IT’S WAR. The Sunday Mirror headline said it all. It wasn’t quite the barely restrained glee of Chris Morris’s presenter on The Day Today announcing the opening of hostilities, but it wasn’t a bus ride away from it, either.
You can get a clue to how we see war by how newspapers are selling themselves through their front pages. The news-stands are covered with more explosions than human faces; the bombs are the story, and the message. One cloverleaf-shaped explosion in particular so beautifully conveys the story that it’s on five front pages today. The bombs are the stars.
The Sun veered close to “Gotcha!” territory with today’s headline, “TOP GUNS 1, MAD DOG 0”, superimposed on the blast. This is war as a football match, war as a thing that can be counted in terms of a score. One-nil to us! “We”, the Allied forces, are the “Top Guns”; we are Tom Cruise on a brave but necessary mission against one man, The Mad Dog, Muammar al-Gaddafi.
Other newspapers take a different approach. The Independent and Guardian sell themselves on human faces and, in the Guardian‘s case, the result of those pretty orange bomb clouds: dead bodies. And that brings the reality home. All of a sudden it isn’t a cup tie, or a film with a stirring soundtrack where the goodies defeat the baddies, or a distant kaboom on a strip of desert: this is something very real.
Whatever the arguments, or the case for intervention, or the case for intervening in Libya instead of, say, Bahrain or Yemen, this isn’t a football match. This isn’t a Hollywood film. This isn’t one-nil. This isn’t half-time. Those beautiful cloverleaf explosions will have people inside them . . . I feel like I’m spoiling everyone’s fun, but there it is. I find it a little distasteful to reduce the military campaign to a football score, an away win, a penalty kick.
The Sun was just carrying on the good work from the News of the World yesterday, whose front-page “BLOWN TO BRITS” explosion and cut-out missile carried the same message. Just in case you had any lingering doubts about who was The Bad Guy, the subs helpfully put Gaddafi’s face in bright red cross-hairs. To further stoke the jingoism, we were told it was “our boys” who were making the things explode.

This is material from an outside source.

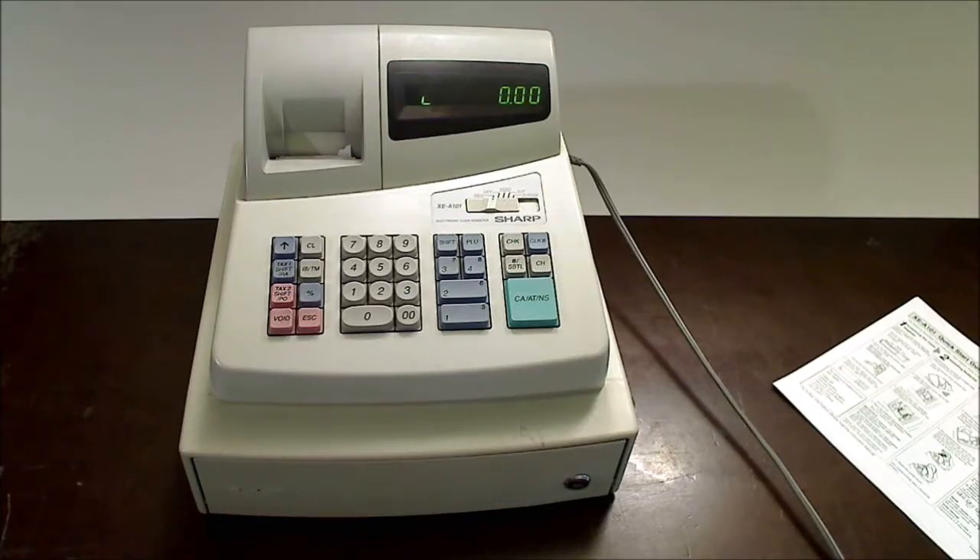Hello, this is James with the V-Magnolia Green eBay store. Today I've got a product demo for you for a Sharp cash register. It is model XE-A101. This is a used unit and it is in good working condition.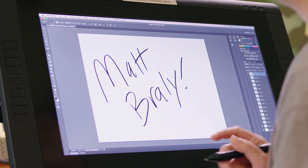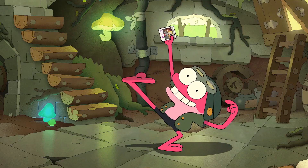Hey, everybody. I'm Matt Brawley from Disney Channel's Amphibia. Today, we're going to learn how to draw Sprig, so let's hop on in.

This, then, is the tabloid glee of war. Our Boys are attacking The Mad Dog, and it’s one-nil already. How can we not support it? How can we not be shocked and awed by the beautiful photos of explosions, the family-friendly pictures, without mangled corpses or that messy business that gets left behind when the clouds disappear? IT’S WAR. War is sport, sport is war. Look away now if you don’t want to know the score.